Neon Tetra Fish Negro - A Piece by Mariko Rooks

Piece background: On Friday, June 6th, 2020, Skai Jackson revealed on Twitter that a Yale pre-med student and a former water polo teammate unapologetically used anti-Black racial slurs on social media. Yale women’s water polo had ended all association with this teammate for unrelated reasons several months prior, but the incident opened up larger, healthy conversations about inequity and anti-Blackness in aquatics that will hopefully lead to lasting structural change.
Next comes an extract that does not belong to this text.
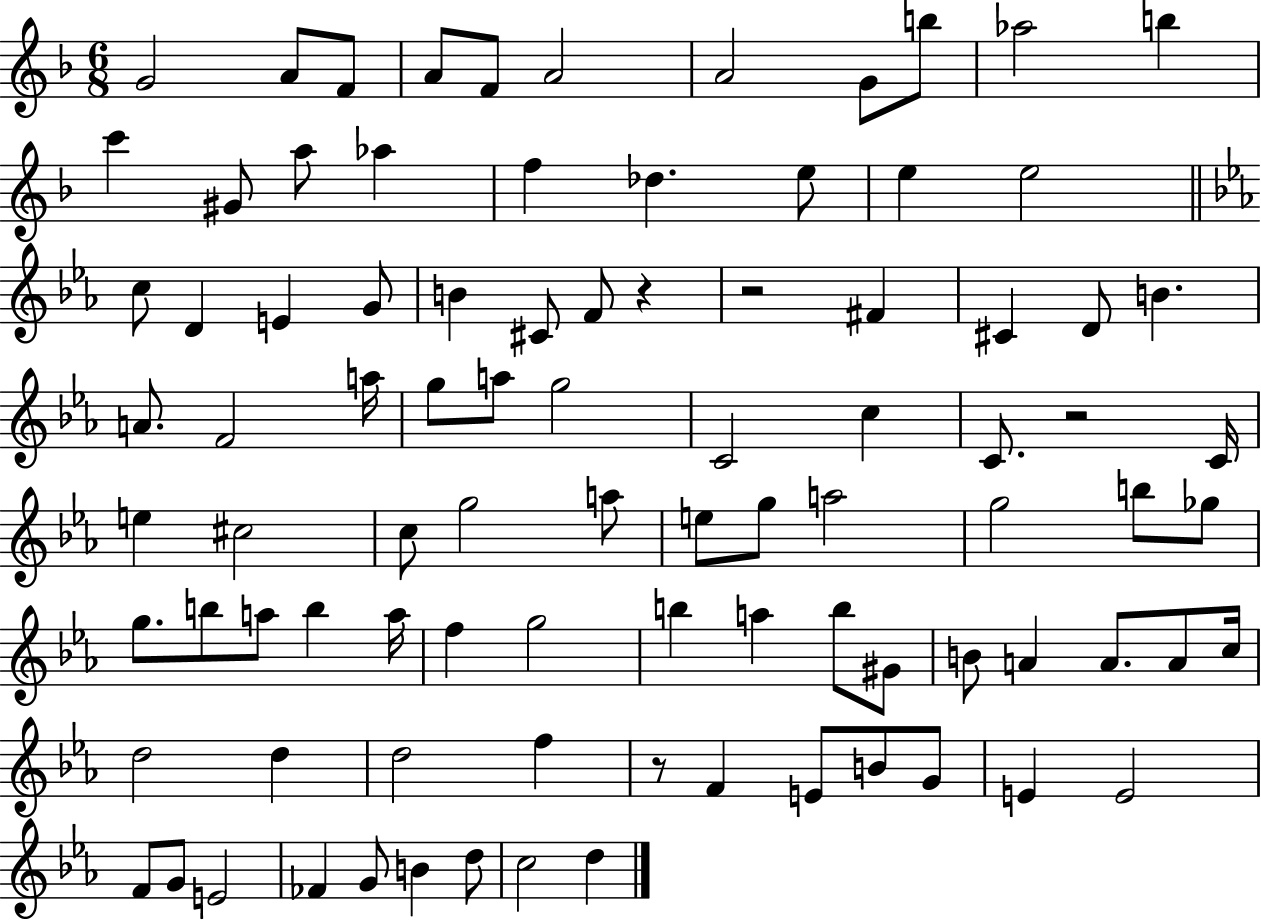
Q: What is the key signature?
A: F major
This is my response. 

For context: neon tetra fish change color in the sunlight

Neon Tetra Fish Negro

I sink until 

I hit concrete. 

In this world of floating hair and weightless limbs

I can feel every drop of water that flows over my scalp

through my almost Black curls 

the only sounds that survive my descent 

are the bubbles of each exhale. 

Black people drown at a rate 1.4x higher than white people 

which means that the number of Emmett Tills dragged from a river is unequivocally proportional to the number of city planners who kept municipal pools out of Black neighborhoods,

Is unconditionally derived from the number of slaves who tried to sprint like Ahmaud 

over the sides of wooden ships 

when we didn’t even have the right to drown.

According to White liberals, this recent change in drowning rights means that racism doesn’t exist anymore.

In most pools and police forces, the water looks blue but the walls are painted white.

In most pools and protests, chlorine and tears evaporate into the sky.

If you multiply (1) illegal arrest warrant for Breonna Taylor by 

(1) Black woman ever on the US Olympic water polo team 

you get 7,666 dead Black bodies 

since I first picked up a ball in the pool and

I still can’t count 

how many times I’ve had a 

white girl’s hand 

on my neck

playing this sport. 

I wonder 

if it’s ever been her hand 

I wonder 

If she ever wanted to snap it. 

Maybe, I think, if there were outdoor pools in Connecticut

As if on cue, the clouds part. 

See, every time I claim this water

this birthright denied 

chaining my ancestors at the bottom of bathtubs and oceans alike 

every time their split pieces 

are hit with the warmth of yellow California sun,

I am reborn 

from these waves 

my Blackness returns to my skin // Aphrodite has nothing

on the beauty of my mixed metamorphosis.

I turn white girl tanning sessions into cultural appropriation with every drop of melanin 

they talk about light-skinned but surely this is the height of privilege

this luxury and unbelonging 

this transmutation into part of myself 

this Blackness I carry made flesh

When these revelations have replaced  

all of the air

  in my lungs 

I shoot to the surface with salt on my tongue 

I can no longer tell the difference between chlorine or tears 

as I inhale 

like George Floyd never will

I go forth in this water, 

a reckoning

in my throat: 

Careful, Am*nda R*se,

Winter camouflage is a curious form of mixed privilege,

but when June comes, 

you’ll see how many n*ggers are on the water polo team.